If that sounds serious, it is, but Bad Taste is also a funny, punchy, kaleidoscopic page-turner that pulls at the tangled threads of class, commerce and culture until they start to unspool, then keeps yanking. Olah tells us of a desire to create a more complicated and nuanced discussion, with chapters anchored around unexpected references. The section on food is centred around key scenes from the 2013 film Blue Is the Warmest Colour, while the discussion of fashion leads on Jonathan Glazer’s Glasgow-shot adaptation of Under the Skin, where Scarlett Johansson was able to interact with the public incognito via the simple expedient of a fur coat.

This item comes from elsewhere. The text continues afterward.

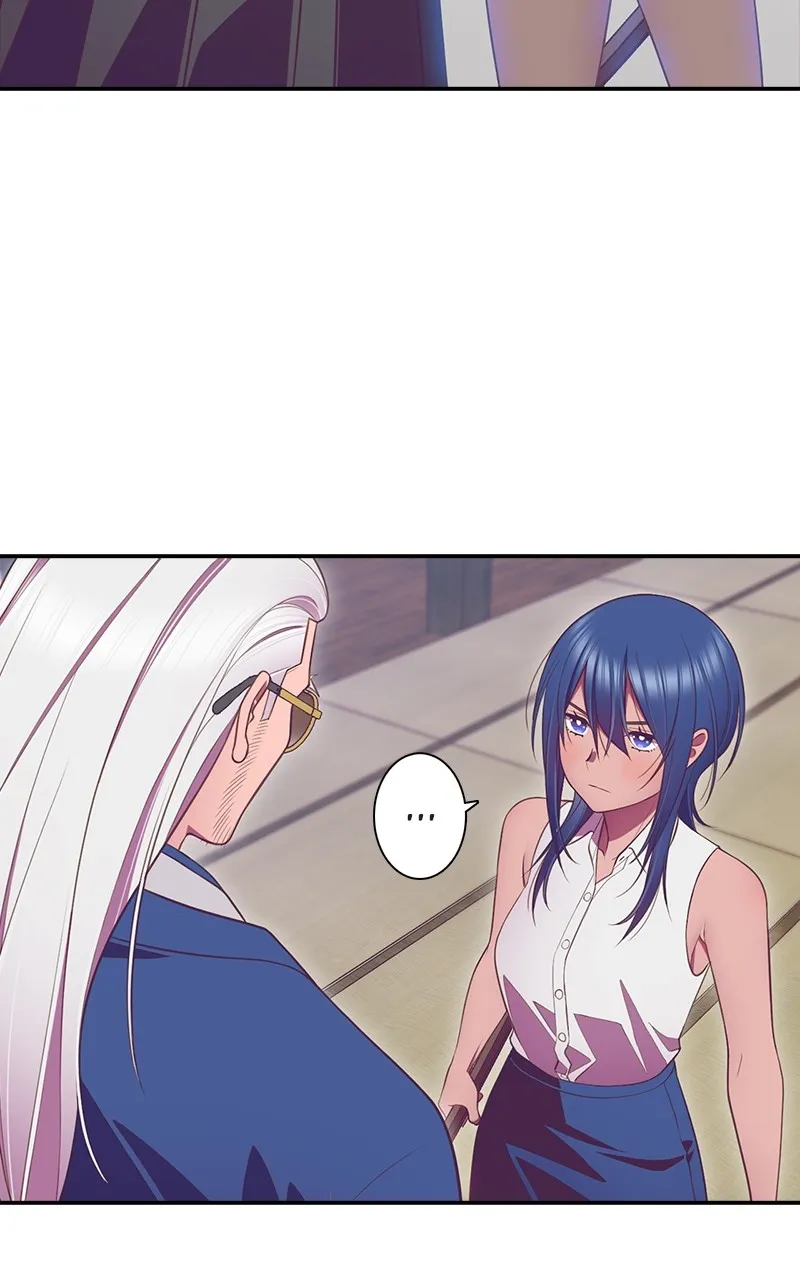 Read SHIRAI chapter 1 image 43 on Lezhin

“That is a comment on the phenomenon of Scarlett Johansson,” Olah tells us. “It's not a person, really. It's a product, and it's a product that is entirely image-based. It's a visual creation. And as soon as you disrupt it slightly, that product is destroyed. What does that tell us about how powerful the clothing that we wear really is, in the way that we're forming impressions about one another?”

Cover art for Bad Taste by Nathalie Olah. A leopard print effect, with the title and author name overlaid in white text.

Bad Taste sits alongside Steal as Much as You Can as a document of the austerity years in Britain and beyond – a time of grim penny-pinching and flagrant waste at one end, shrinking horizons and faux-homestead insularity at the other. Olah cites the classics of the genre (your Keep Calm and Carry Ons, your Kilner jars filled with pine cones), but, she tells us, “what I'm really interested in is that it wasn't an authentic return to more artisanal methods and an appreciation for natural resources and objects in and of themselves. It was entirely virtual and synthetic. It was a synthetic nostalgia.”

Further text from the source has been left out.